Activity: When you copy from the entries that follow, take only the lines from the one with "Monochrome neon light" down to the one with "Earth lit up.", keeping both ends and dropping every picture.

Task inputs:
######
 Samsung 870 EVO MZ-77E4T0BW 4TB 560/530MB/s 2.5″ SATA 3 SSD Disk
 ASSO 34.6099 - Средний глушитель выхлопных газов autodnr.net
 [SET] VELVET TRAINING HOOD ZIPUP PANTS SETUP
######
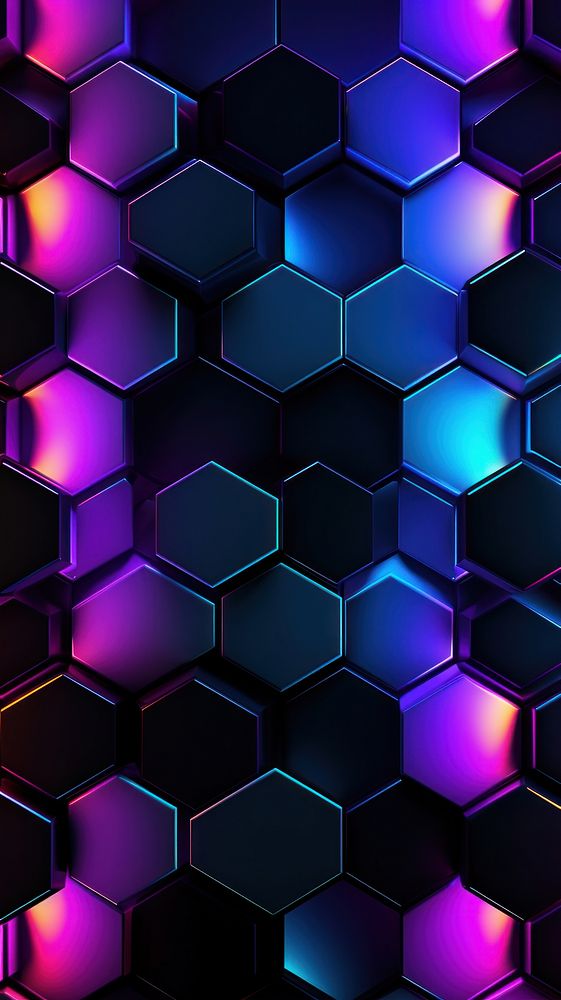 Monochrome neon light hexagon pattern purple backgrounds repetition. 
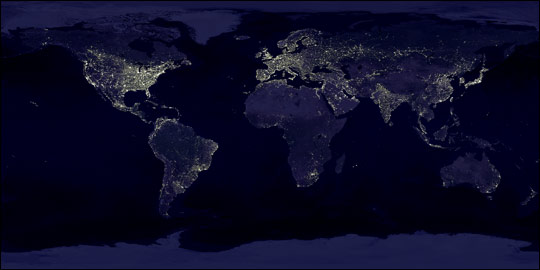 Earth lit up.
######
Written solution:
 Monochrome neon light hexagon pattern purple backgrounds repetition. 
 Earth lit up.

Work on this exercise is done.